The city of Minos is the capital of the Republic of Minos. It has a population of approximately 20,000 predominantly human residents.
The first residents of Minos settled on the shores of the Icelink River about a millennium ago. It was called Riverside for hundreds of years before King Minos the First declared himself King and renamed it. Under his reign, the growing city expanded its influence and territory, annexing nearby towns, largely establishing the borders that have remained until present day.
For over two hundred years, the Kings of Minos, seven in all, ruled over the City and its territories. But King Minos VII had his own share of enemies within the city, and despite his efforts to silence the sedition, eventually an uprising of spurned aristocrats and organized thugs deposed and murdered the monarch, instituting the Minosian Republic. The new system of government was established not out of noble ideals but because no single person could grab the throne himself.
One hundred years ago, an army of undead threatened the Republic, lead by Undead Gunnar Liefsen, who was the risen champion of a resistance against King Minos the First’s expansion four and a half centuries earlier. This event is known as the Scourge. During the Scourge, residents of towns in the Republic took refuge within the City, spurring a boom in its population. The population of the City has more than doubled since before the Scourge.
Minos’ government on paper is a republic ruled by the Minosian Council, with elected council members issuing laws and decrees by majority vote.

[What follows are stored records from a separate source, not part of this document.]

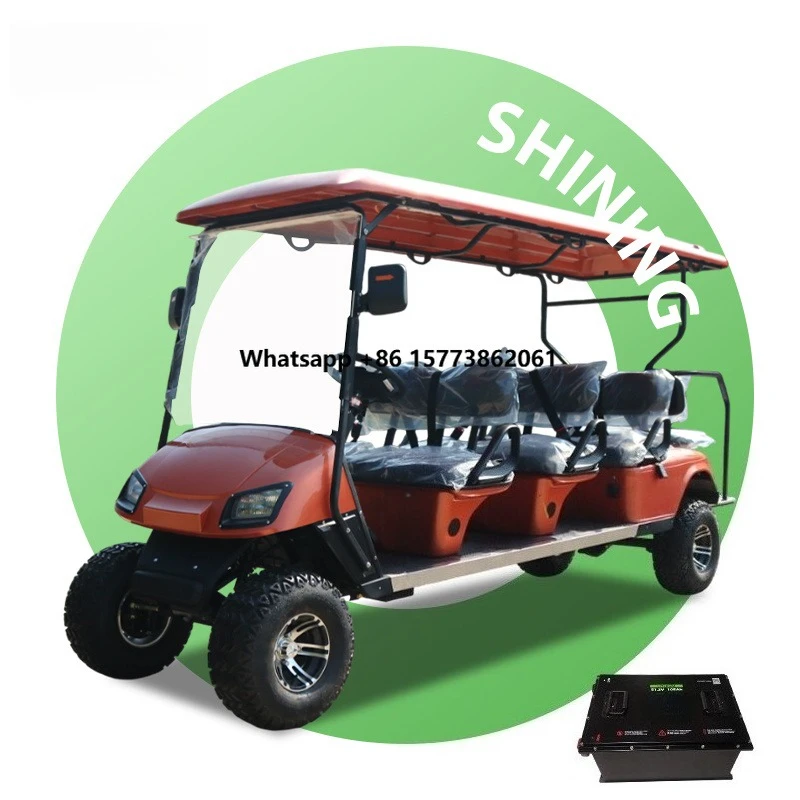 Professional Battery 8 Seater Golf Cart Powered Golf Buggy Golf Cart Electric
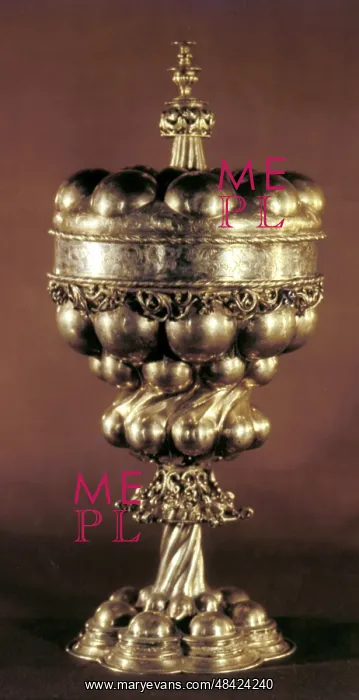  : Silver goblet, 16th century
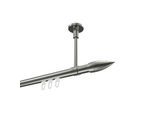 GARDINENSTANGE INNENLAUF Sonette Samanto 140 cm, 1-läufig, 20 mm Ø Edelstahl-Optik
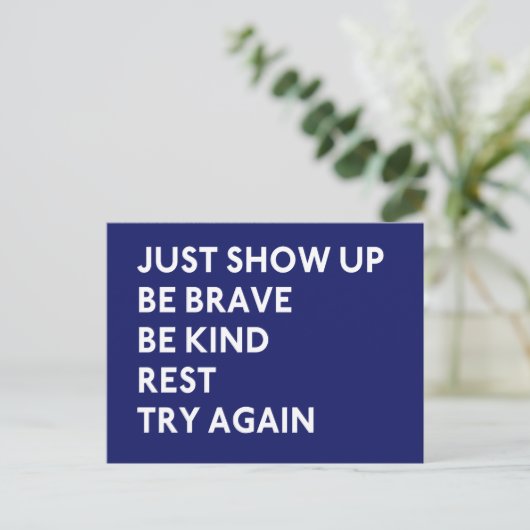 Einfach Momastery Postcard anzeigen Postkarte (Stehend Vorderseite)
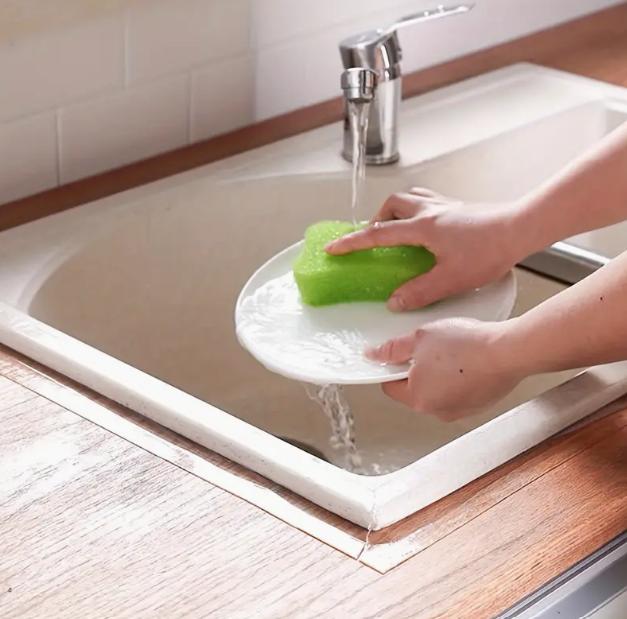 Durable Waterproof & Mould-Proof Sealant Tape: Easy Nano Adhesive for Sinks, Baths - Versatile & Long-Lasting Size 3cm x 5metres 4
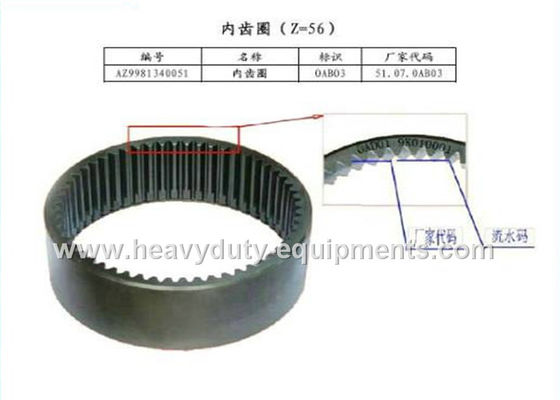 China sinotruk van de de druppelpan van de vervangstukolie het deelaantal AZ9231340921 met garantie leverancier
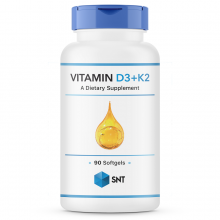 SNT Vitamin D3+K2 (Витамин Д3+К2) 90 капсул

While every citizen of the Republic in theory has a vote in the election of these officials, in practice they are often disenfranchised, and the elections rigged in favor of the aristocrat who has bribed the right people and gained influence with the right organizations. One such example of disenfranchisement involves shutting down roads to prevent the citizens of unfriendly towns from casting votes in the City.
Most Minosians take pride in the fact they are not ruled over by a monarch, and that they have a say in the politics of their city. They celebrate every year the revolution centuries ago that overthrew the last King Minos VII.